Wednesday, June 18, 2008

Groping Your Way in Faith

by Vincent Louis Carrella

How does a story form? Somehow, disparate words and images coalesce into something that resembles narrative thought. Stories are mysterious things. Stories that do not come directly from our actual lives are even more mysterious, they are mystical.

Often I am asked how I, a New Yorker, wrote a story about a spiritually gifted Appalachian boy. I do not know the answer. The story was given to me as a gift. When you take a writing class you are often told to write what you know. I did not know the world depicted in Serpent Box. I did not know the good people of the hills and hollows of Tennessee. I did not know a Holiness sign follower or a snake handler. But what I did know, and do know, is what it feels like to not know. I know what it is to question my faith. I vividly recall the helplessness of being a child. I have clear memories of what it means to be shunned, ostracized and beaten, simply for how you look. I have never let go of that feeling of ignorance that seems to permeate your very existence when you are a boy up against a very large and confusing world. I knew my focal character, Jacob Flint, perhaps better than I knew myself.

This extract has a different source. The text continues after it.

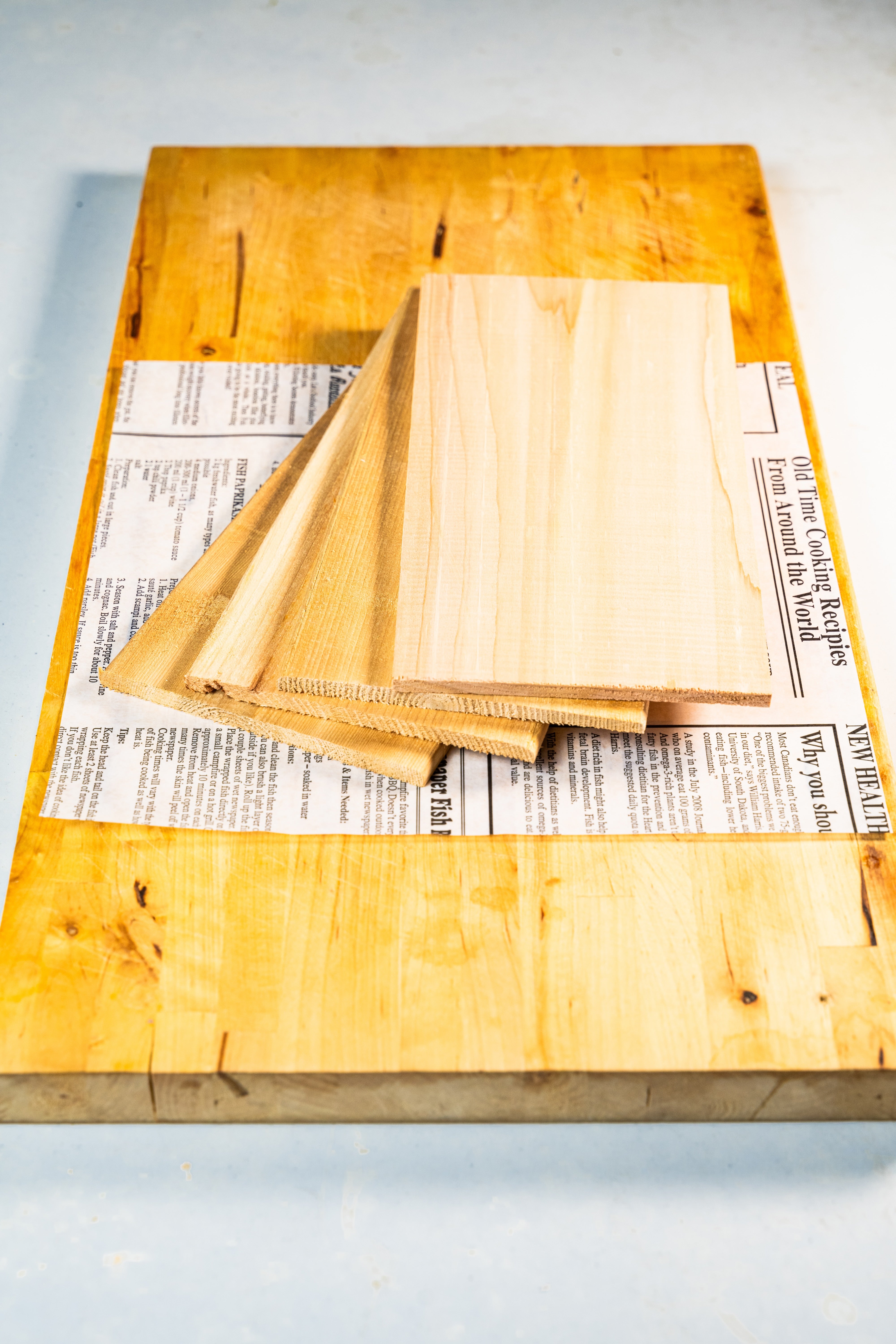 CEDAR PLANK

Writing a story is a quest. You search, often blindly, for answers and direction. You seek out the next word, the next sentence. You build paragraphs and pages out of images, at least I do. I see a thing, then I record the thing. When the writing is going well it is not so much thinking as it is seeing. I will often close my eyes and try to squeeze an image out of my subconscious if the words themselves cease to flow. It is amazing that this actually works. It is almost as if you can pry that tiny door between your conscious and unconscious mind open, for just a moment or two, to let the truth escape. It rarely stays open long. And then you are faced with the blankness that lies beyond your last completed sentence. That blankness, that null space, can feel as vast as the cosmos.

I wrote Serpent Box alone, having written nothing of significance before it, having not studied writing beyond a few night courses, having no background in English Literature or journalism. I had no idea what to do or how to do it. There were times I faltered and shut down. But I had angels watching over me, angels in human form, who gave me more than encouragement, they gave me keys and crutches.

My dear friend Andrew L. Wilson, who has written one of the best novels I have ever read (remarkably, as yet unpublished) would often give me the small bits of advice and love I needed to get through each day. He sent me this quote during a very dark time during the writing of Serpent Box when I was desperately searching for a path down which to send the story. You see, I made up Serpent Box in the moment. I had no plot, no vision, no clue as to what the story should be or where it might take me. I simply sat down each day and wrote intuitively, building on that which I had written the previous day. Often that would lead to dry spells and moments of blind panic. What would I do if the next piece of the story did not show itself? I learned the following lesson late in the game, but hold it now as one of the most important concepts I have ever learned about the art of writing:

"To ask for the whole thing cut and dried at once is a great error. There is no use sitting down waiting for clarity, believing that your work will reveal itself in a flash and show you the roads to it free of charge. You have to grope your way in good faith and be content with little. In that way you keep your strength and courage alive. One frequently meets a type of very talented artist or poet lacking the capability for such slow, sinewy search, unwilling to put his hand to his work until he has got it as a kind of gift, and in some mysterious manner - with all difficulties and doubts blown away. Meantime, however, the strength seeps out of him simply because of lack of exercise, just like a muscle languishing away when it lies unused, and people with much less talent but with more contentment [desire] surpass him easily. Whoever believes himself wise and "a genius" once and for all, has closed all windows and doors to the truth, but whoever is aware of his weaknesses has opened them and will be rewarded."

Vilhelm Ekelund (Swedish Poet)

Once I accepted this, and I did so instantly, I soon realized that the missing ingredient in my process was faith. The belief that the answers would come. The feeling, the knowing, that somehow a spark would reveal itself. a trust in the natural world and the random order of things, and that simply by living, observing, listening, moving through life and interacting with it, one would discover ways and means in which to push the story forward. Because I was pulling the story out of myself I needed faith in myself and, in that amazing serendipity that always seems to deliver what you need when you humbly and earnestly ask for it, when you seek it, when you grope your way in good faith.